Return, exactly as written, the lines of the material from its top through the line with "Soft Cotton Striped Purple Tapered Trousers", keeping pictures out.

********

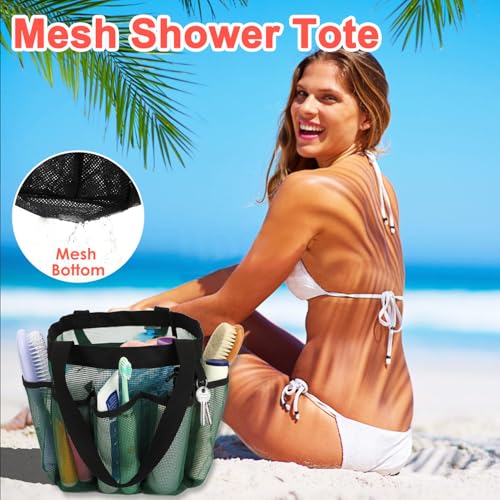 Fammart Mesh Shower Caddy Portable for College Dorm Room Essentials, Odorless Polyester Large Shower Tote Bag with Dual Handles, 8-Pocket Quick-Dry Toiletry Organizer for Travel, Beach, Camping, Gym - color: Multiple Pockets, 1 Pack - Green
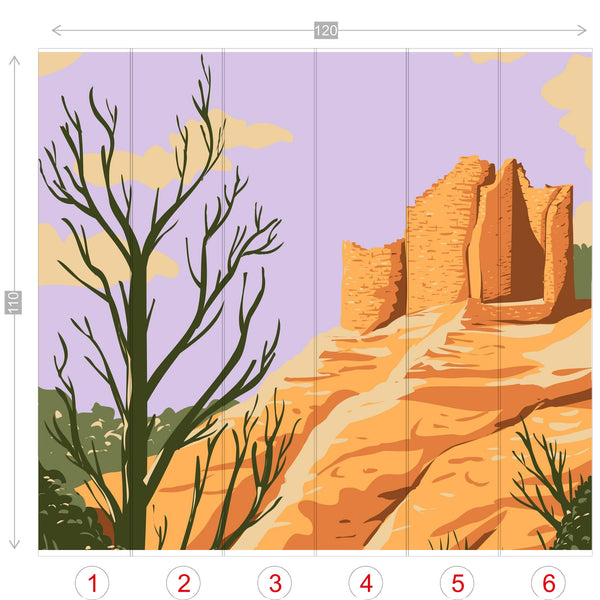 Wall Mural Wallpaper Mountain Valley Organic Print Two Sizes East to Use, Easy to Remove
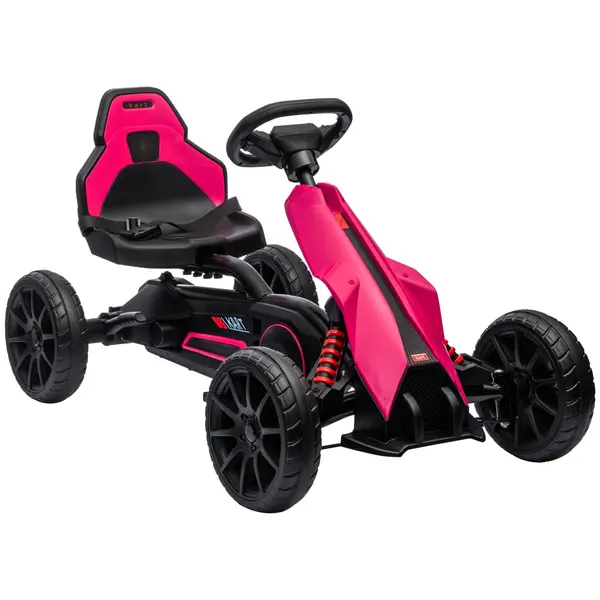 image of HOMCOM Children Pedal Go Kart, Kids Ride on Racer w/ Adjustable Seat, Shock Absorption EVA Tyres, Handbrake, for Kids Aged 3-8 Years Old, Pink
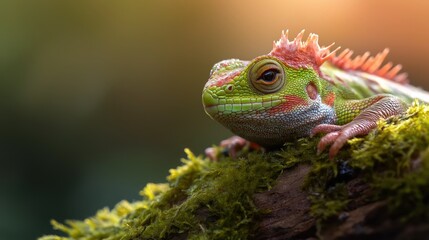 Obraz premium Colorful lizard resting on mossy log in natural habitat during golden hour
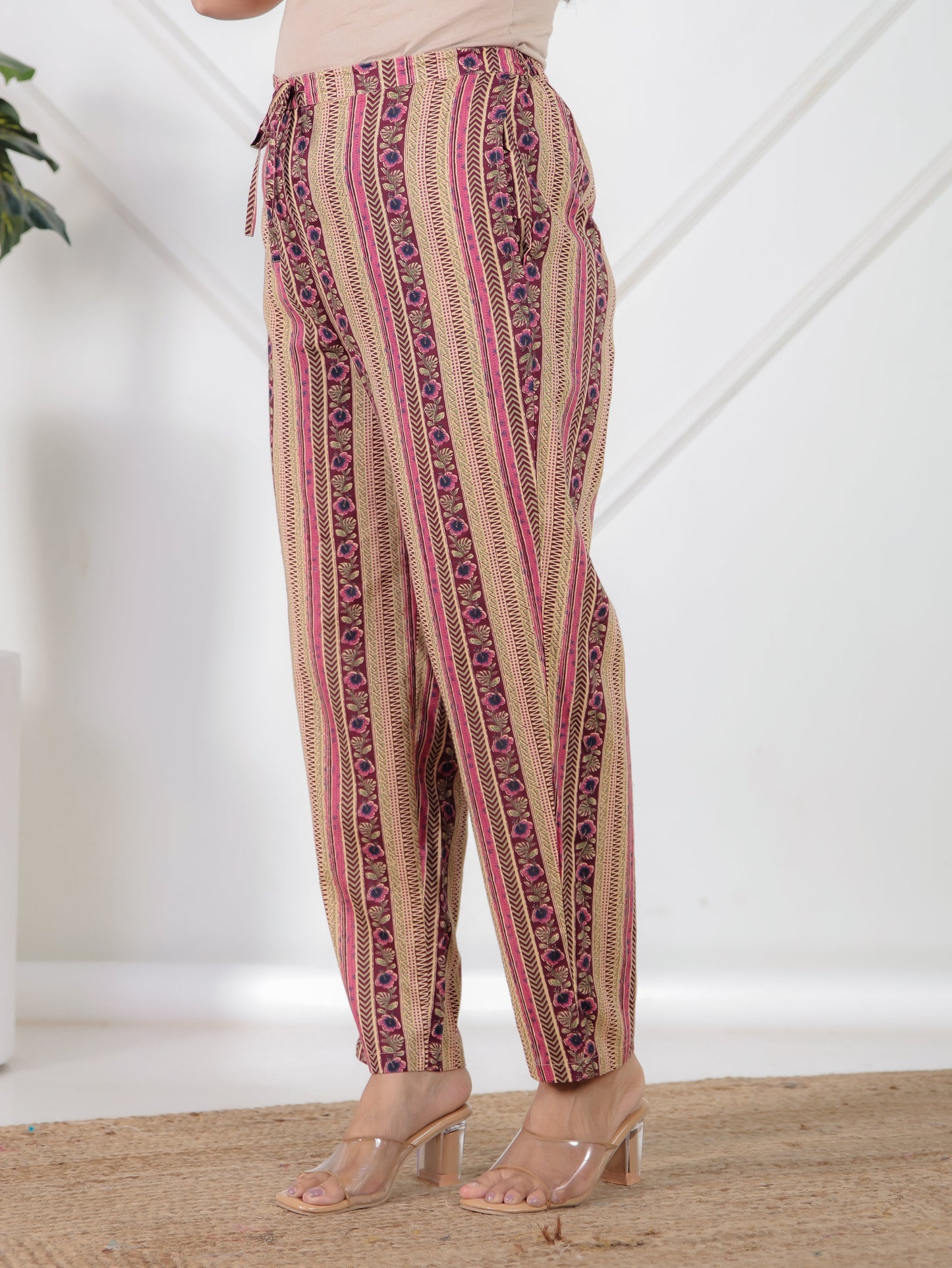 Soft Cotton Striped Purple Tapered Trousers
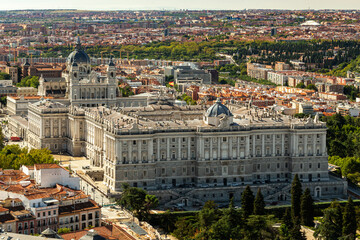 Fototapeta na wymiar Madrid, Spain- October 5, 2021: Aerial view of the Royal Palace of Madrid. Urban landscape. Spanish Royal House
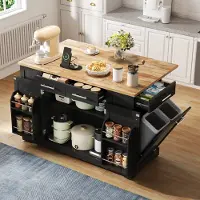 STILVORA Keukeneiland - Klapbaar Werkblad Met Stopcontact - Verrijdbaar Voor Keuken En Eethoek - MDF - 138x86x92 Cm - Zwart;Natuurlijk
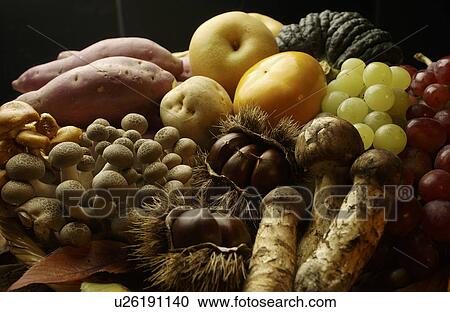 Stock Image - Various Kinds of Autumn Foodstuff in Basket. Fotosearch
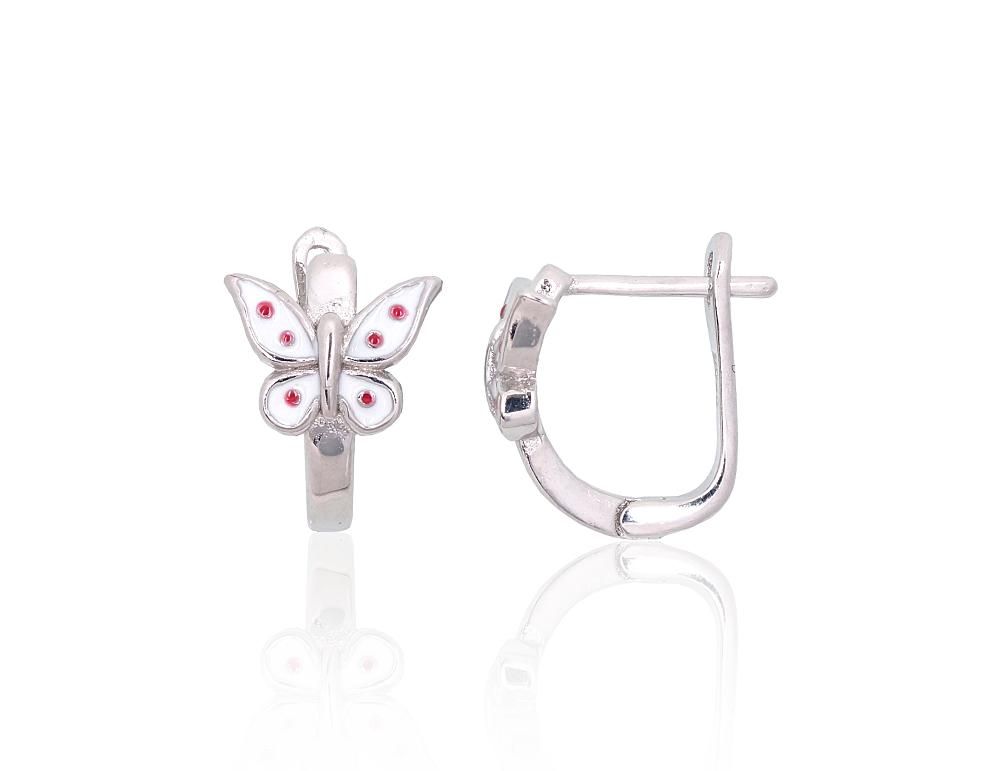 Silver earrings with &#39;english&#39; lock A2204094PRhGrMLWMLR Silver 925° Rhodium Plating Jewelery enamel  &quot;English&quot; lock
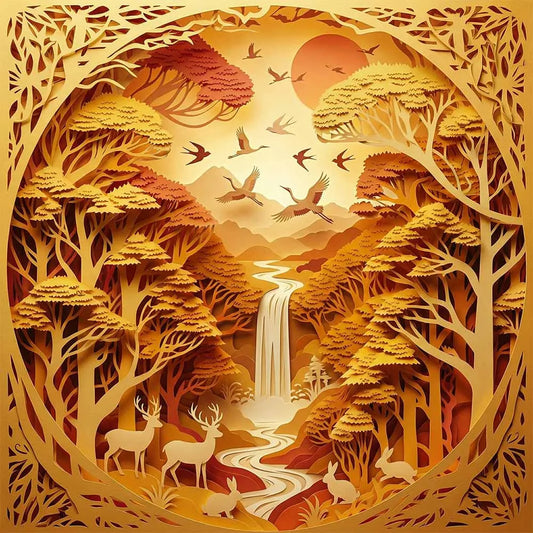 Autumn Forest Paper Cut Wooden Jigsaw Puzzle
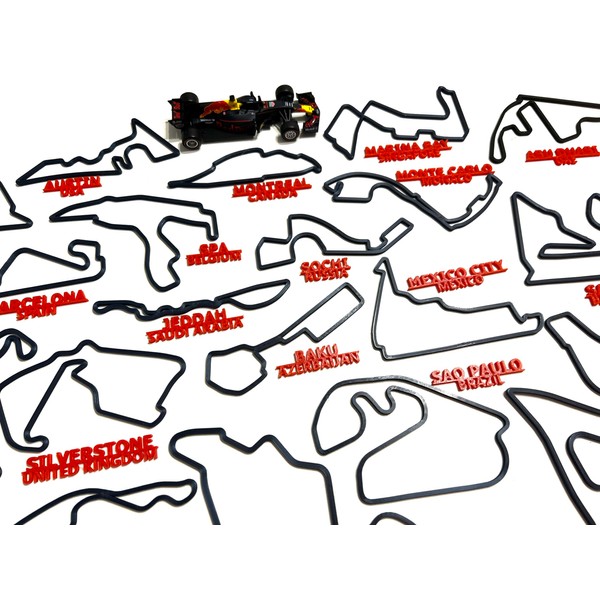FULL COLLECTION OF 23 CIRCUITS Formula 1 Circuit Wall Art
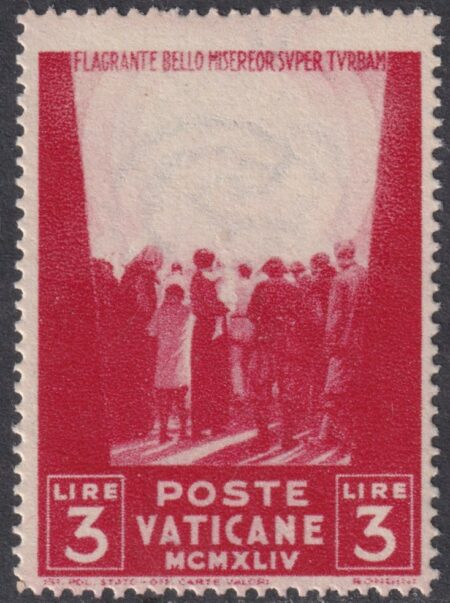 Opere di Carità 3 l. Senza Stampa del Redentore Sass 100a MNH** Cv 350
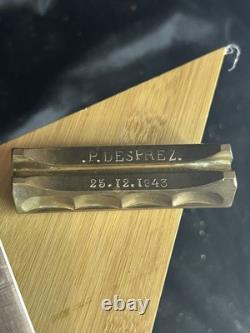 Brutalist bronze desk set signed P. Desprez, France, 4 pieces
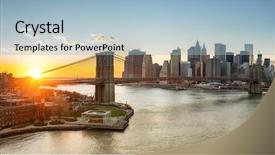  Presentation with brooklyn bridge - Cool new slides with panoramic view of brooklyn bridge backdrop and a light blue colored foreground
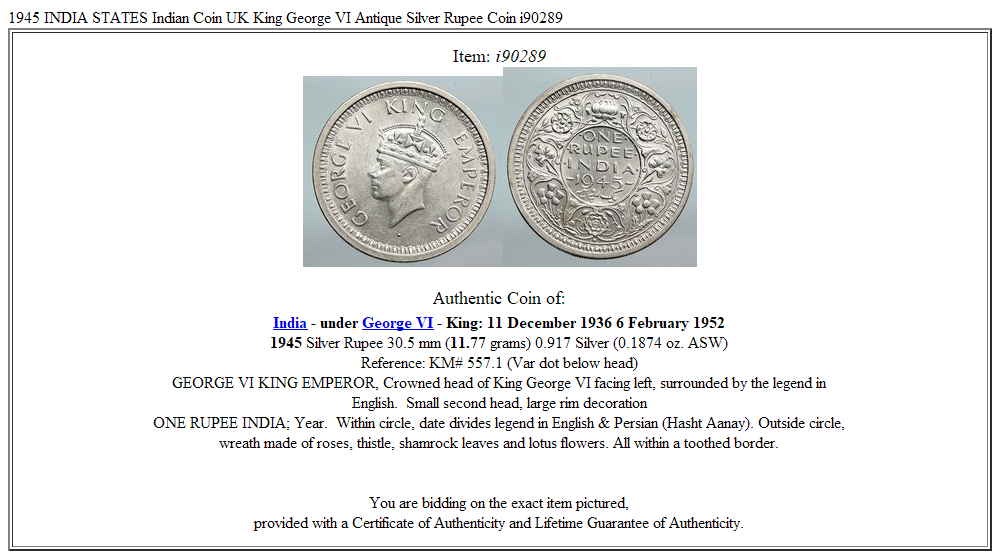 1945 INDIA STATES Indian Coin UK King George VI Antique Silver Rupee Coin i90289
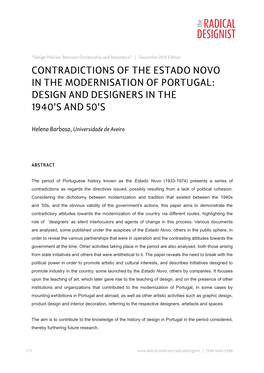 Contradictions of the Estado Novo in the Modernisation of Portugal: Design and Designers in the 1940'S and 50'S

********

**ANSWER SPACE:**
 Fammart Mesh Shower Caddy Portable for College Dorm Room Essentials, Odorless Polyester Large Shower Tote Bag with Dual Handles, 8-Pocket Quick-Dry Toiletry Organizer for Travel, Beach, Camping, Gym - color: Multiple Pockets, 1 Pack - Green
 Wall Mural Wallpaper Mountain Valley Organic Print Two Sizes East to Use, Easy to Remove
 image of HOMCOM Children Pedal Go Kart, Kids Ride on Racer w/ Adjustable Seat, Shock Absorption EVA Tyres, Handbrake, for Kids Aged 3-8 Years Old, Pink
 Obraz premium Colorful lizard resting on mossy log in natural habitat during golden hour
 Soft Cotton Striped Purple Tapered Trousers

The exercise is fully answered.